═══ Record set ═══
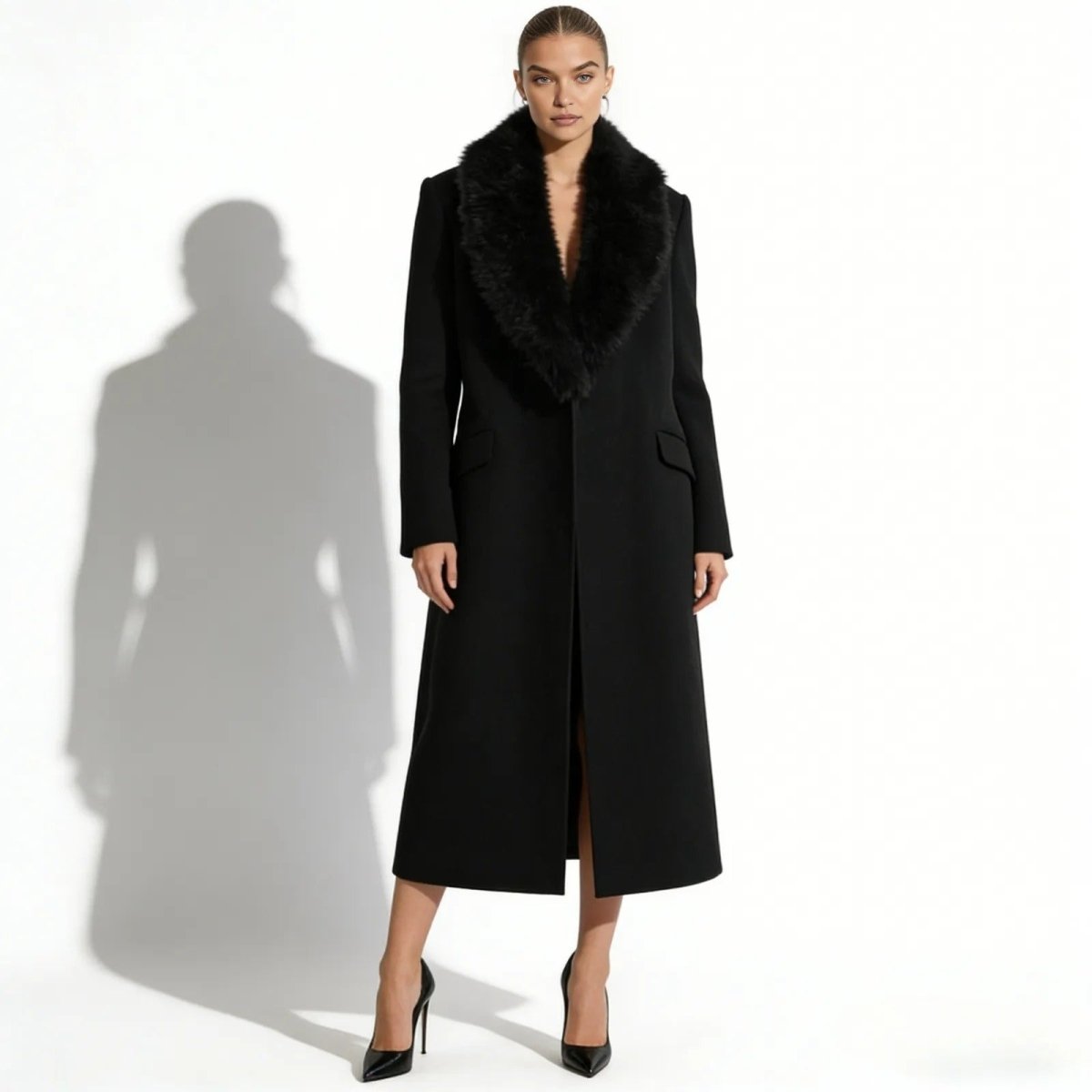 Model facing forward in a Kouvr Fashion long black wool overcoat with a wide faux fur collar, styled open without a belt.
═══
═══ Record set ═══
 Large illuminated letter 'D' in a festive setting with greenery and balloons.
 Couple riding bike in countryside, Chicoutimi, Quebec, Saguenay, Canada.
═══
Work task:
From the data above, reproduce word for word the lines running from the line with "Large illuminated letter" to the line with "Couple riding bike", ends included.

Exercise output:
 Large illuminated letter 'D' in a festive setting with greenery and balloons.
 Couple riding bike in countryside, Chicoutimi, Quebec, Saguenay, Canada.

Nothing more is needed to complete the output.